**** Exercise data ****

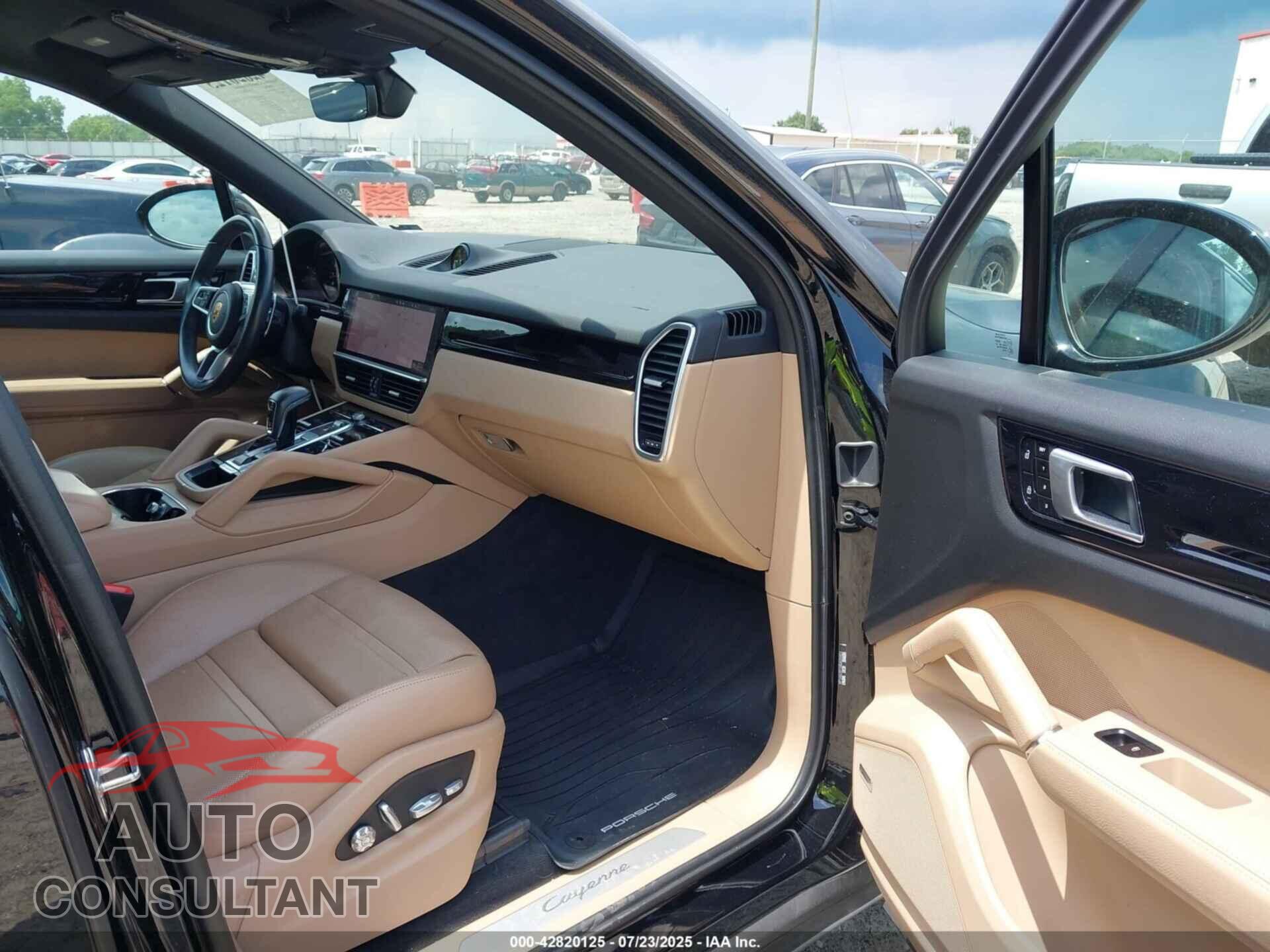 PORSCHE CAYENNE 2021 - WP1AA2AY1MDA05903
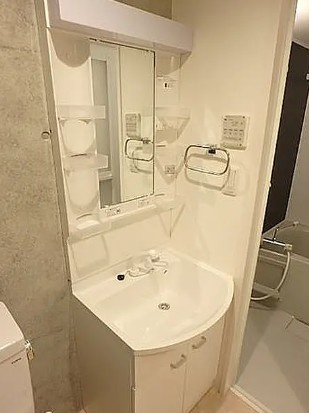 フュージョン板橋本町の洗面所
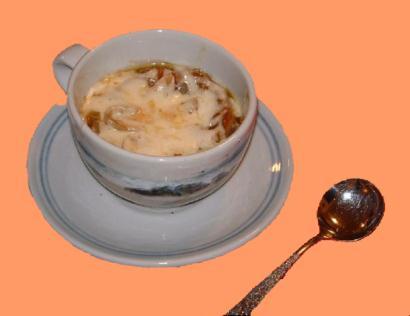 3.1.3. Fransız Usulü Soğan Çorbası Resim 3.15: Soğan çorbası Fransız milli çorbası olan soğan çorbası yapılışı ve servisi itibariyle basittir.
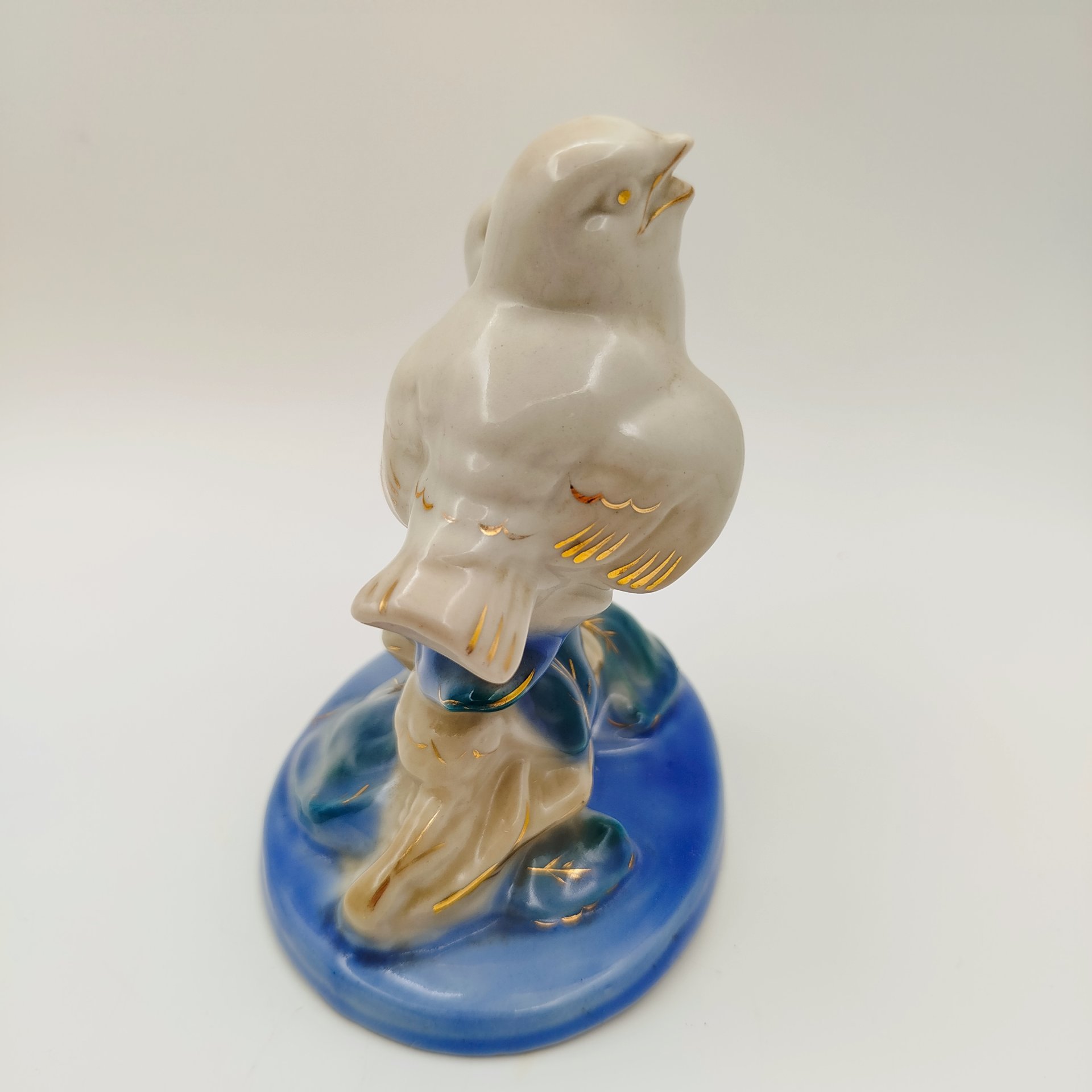 Статуэтка "Песнопение", скульптор Н.И. Бессарабова,  Артель «Художественная керамика», фарфор, роспись, золочение, Турыгинский фарфоровый завод артели «Художественная керамика» (Гжель), СССР, 1940-1950 гг.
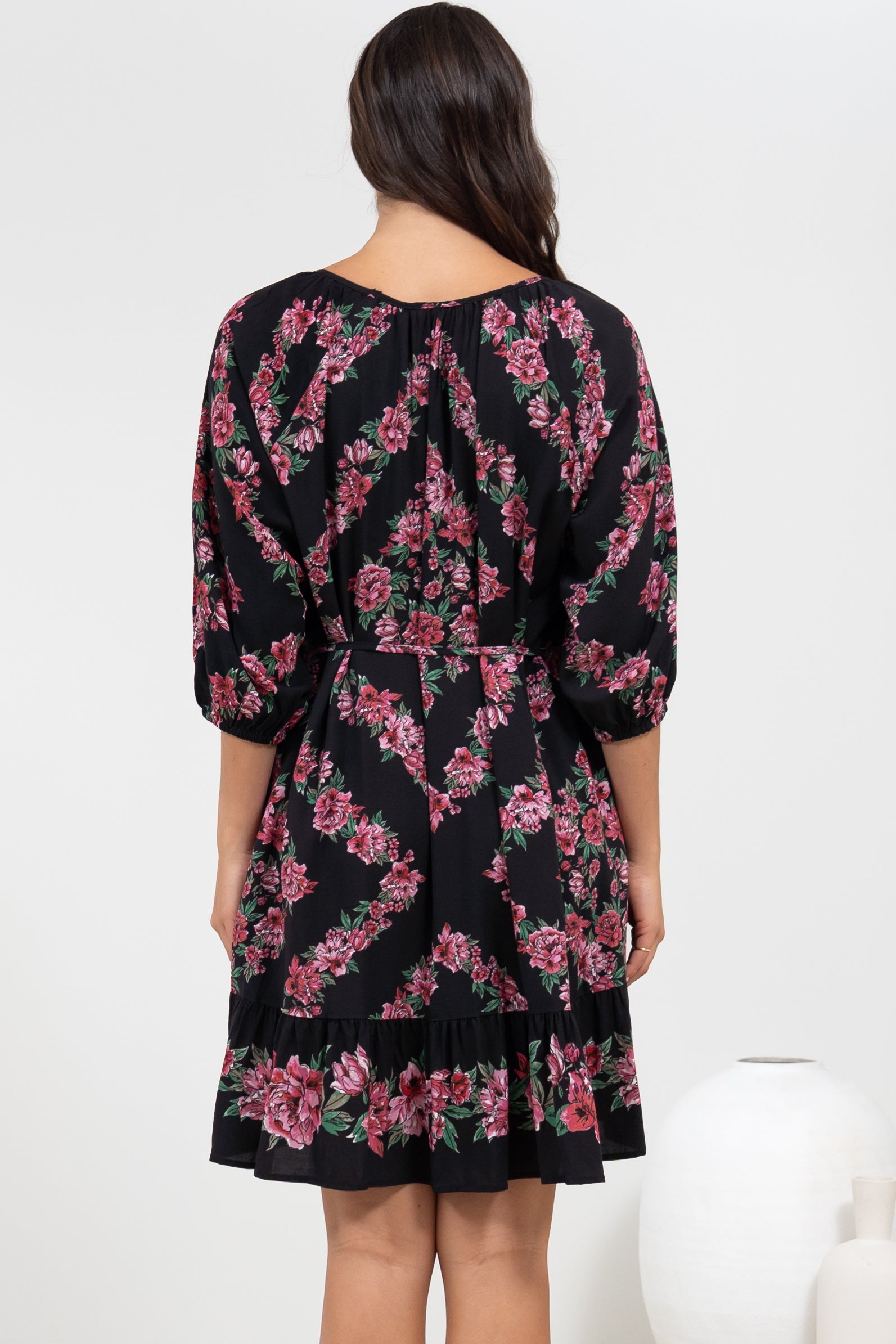 Jannis Mini Dress - Scoop Neckline Shift Dress with Belt in Love Story Print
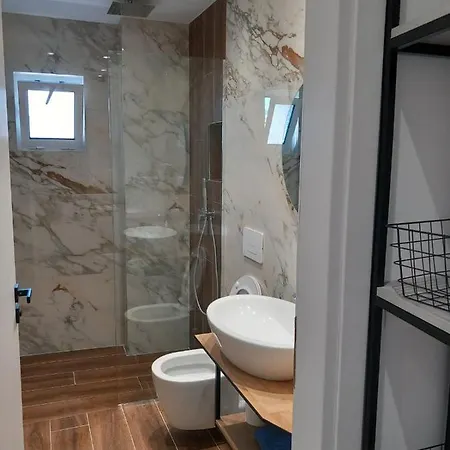 Edi&linda Гостевой дом 3*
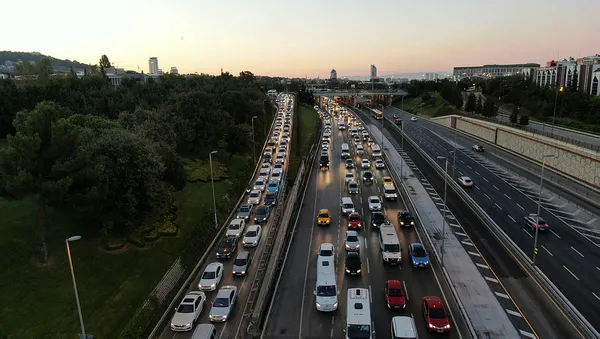 İstanbul haftanın ilk iş gününe yoğun trafikle başladı - 3
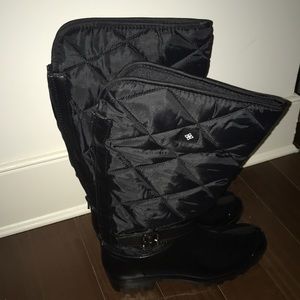 Däv rain boots . Brand new . Never worn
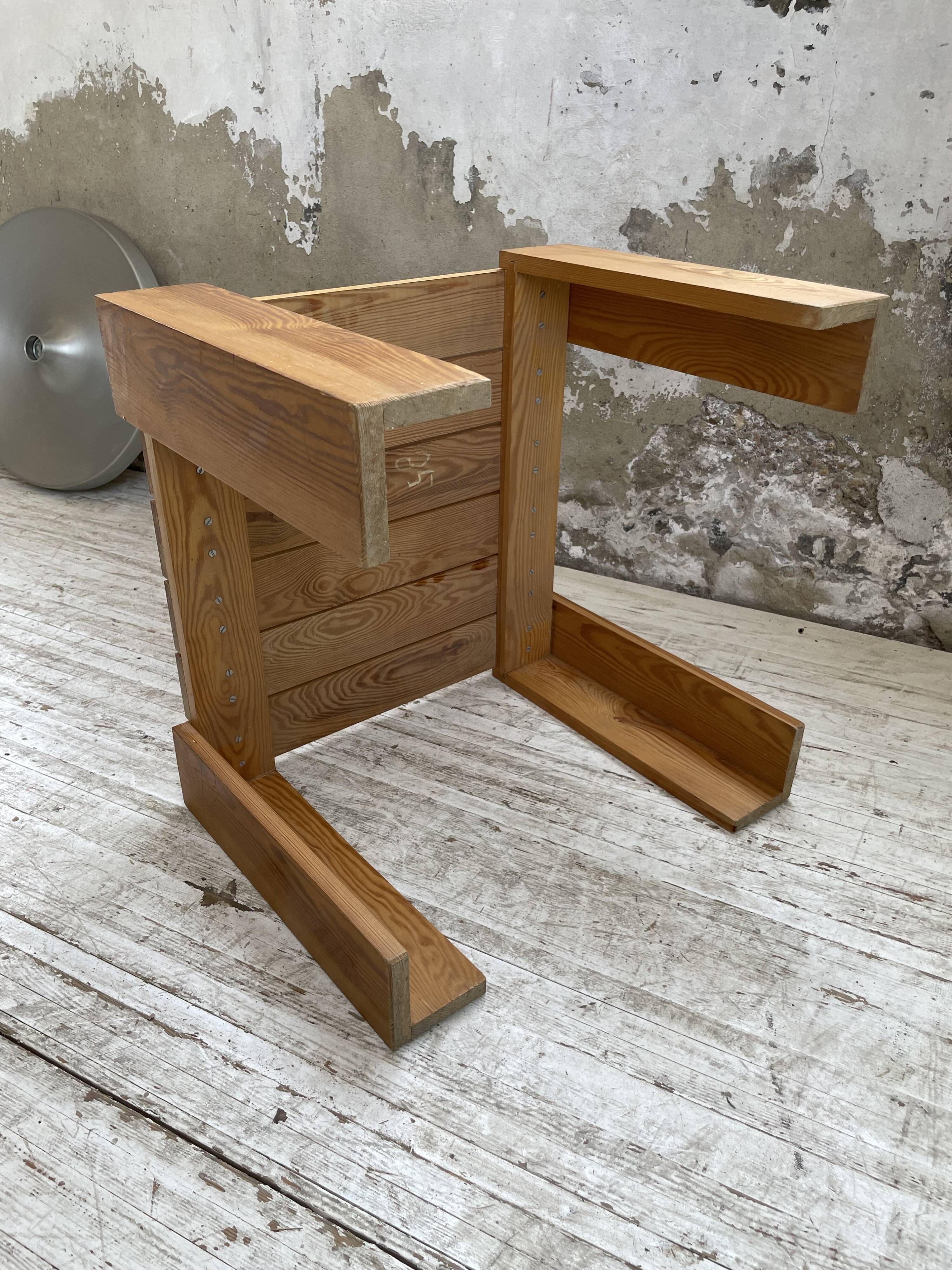 Square pine coffee table from the 70s revival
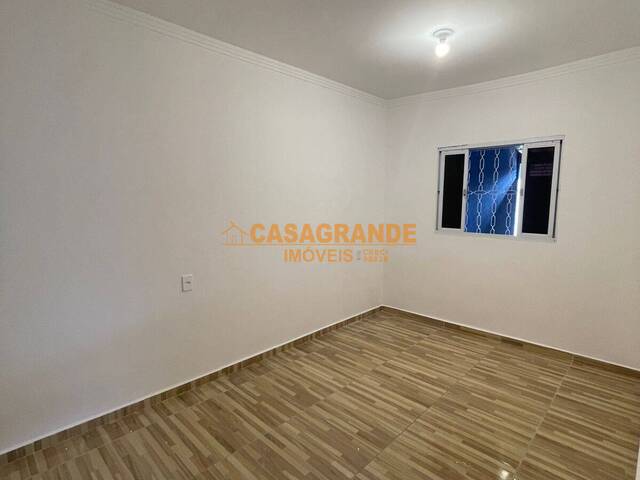 Casa para Venda em São José dos Campos - 3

****

The task: Please repeat all of the entries above word for word, but drop any pictures.

Exercise response:
 PORSCHE CAYENNE 2021 - WP1AA2AY1MDA05903
 フュージョン板橋本町の洗面所
 3.1.3. Fransız Usulü Soğan Çorbası Resim 3.15: Soğan çorbası Fransız milli çorbası olan soğan çorbası yapılışı ve servisi itibariyle basittir.
 Статуэтка "Песнопение", скульптор Н.И. Бессарабова,  Артель «Художественная керамика», фарфор, роспись, золочение, Турыгинский фарфоровый завод артели «Художественная керамика» (Гжель), СССР, 1940-1950 гг.
 Jannis Mini Dress - Scoop Neckline Shift Dress with Belt in Love Story Print
 Edi&linda Гостевой дом 3*
 İstanbul haftanın ilk iş gününe yoğun trafikle başladı - 3
 Däv rain boots . Brand new . Never worn
 Square pine coffee table from the 70s revival
 Casa para Venda em São José dos Campos - 3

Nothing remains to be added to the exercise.